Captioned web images
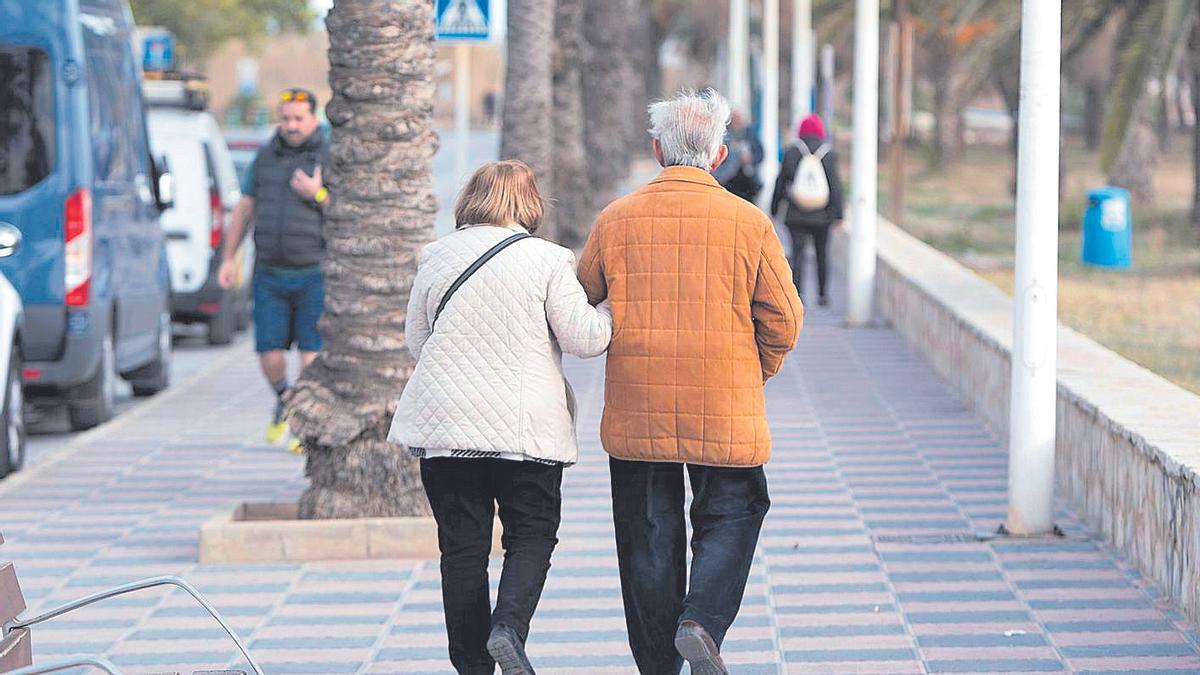 Dos personas mayores, caminando por la calle.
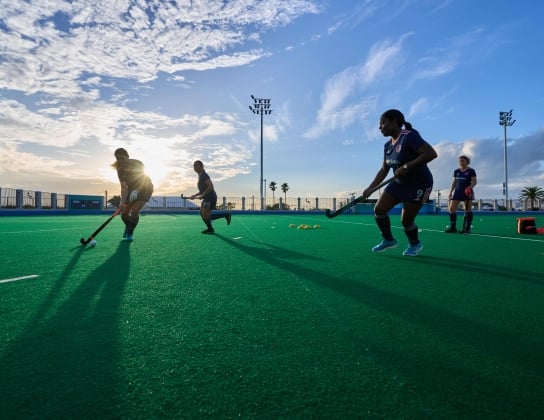 A group of women are playing field hockey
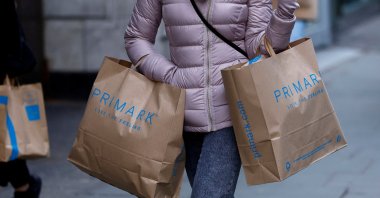 A woman carries Primark shopping bags on Oxford Street, in London, Britain, Jan. 16, 2023. (Reuters Photo)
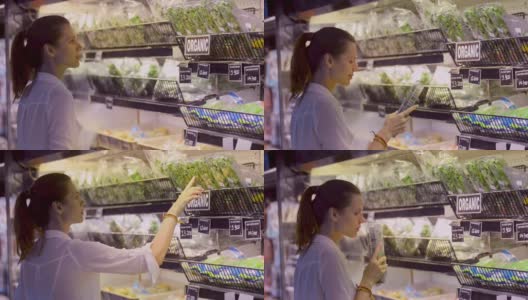 快乐的年轻妇女家庭主妇站在杂货店买绿色蔬菜高清在线视频素材下载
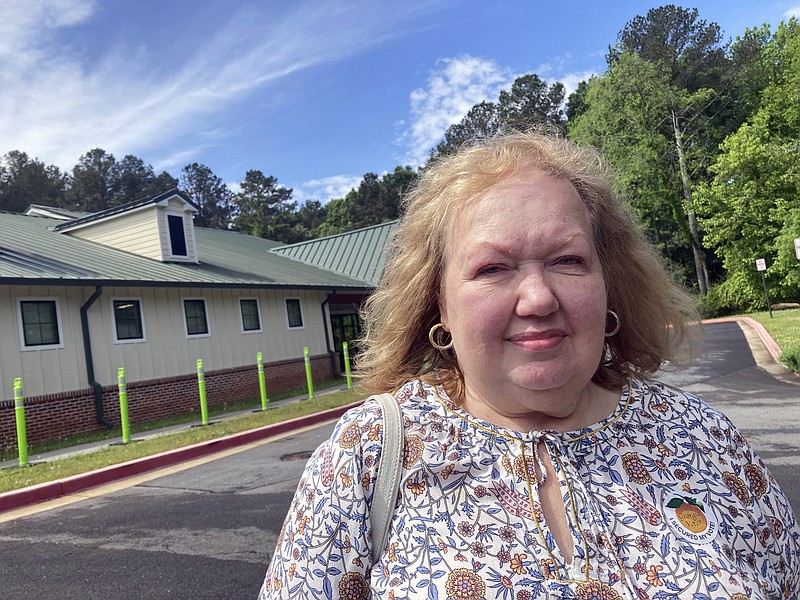 Ursula Gruenewald, a resident of Acworth, Ga., cast her ballot at an early voting site on Friday, May 6, 2022. Gruenewald, who usually votes by mail, said she had a difficult time navigating recent changes to the mail voting process in Georgia and decided to vote at the early voting site to avoid the possibility of long lines on Election Day.(AP Photo/Christina A. Cassidy)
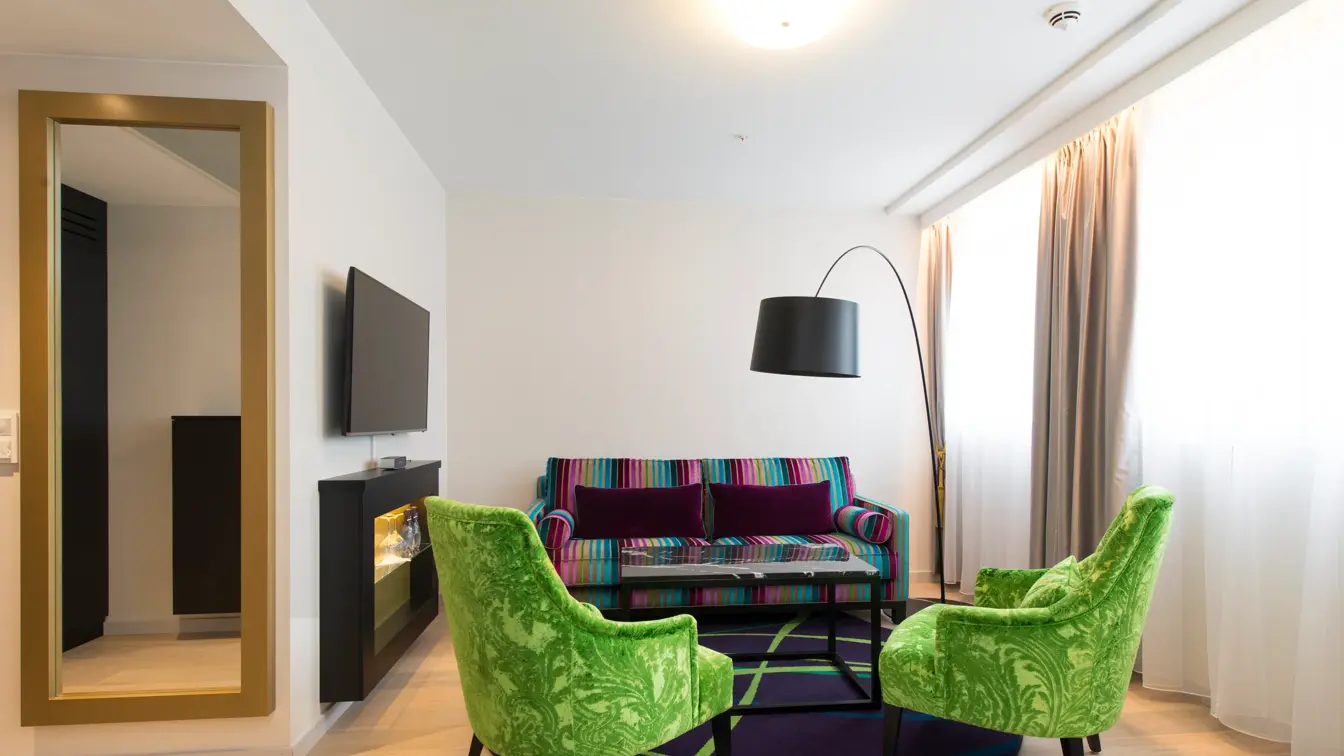 Sittegruppe med sofa og stoler, tv og lampe i buisness room på Thon Hotel Rosenkrantz Oslo, som ligger i Oslo sentrum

--- Aim of the task ---
From the line with "A woman carries" up to and including the line with "快乐的年轻妇女家庭主妇站在杂货店买绿色蔬菜高清在线视频素材下载" above, retype every line exactly and nothing more; leave out the pictures.

--- Response area ---
 A woman carries Primark shopping bags on Oxford Street, in London, Britain, Jan. 16, 2023. (Reuters Photo)
 快乐的年轻妇女家庭主妇站在杂货店买绿色蔬菜高清在线视频素材下载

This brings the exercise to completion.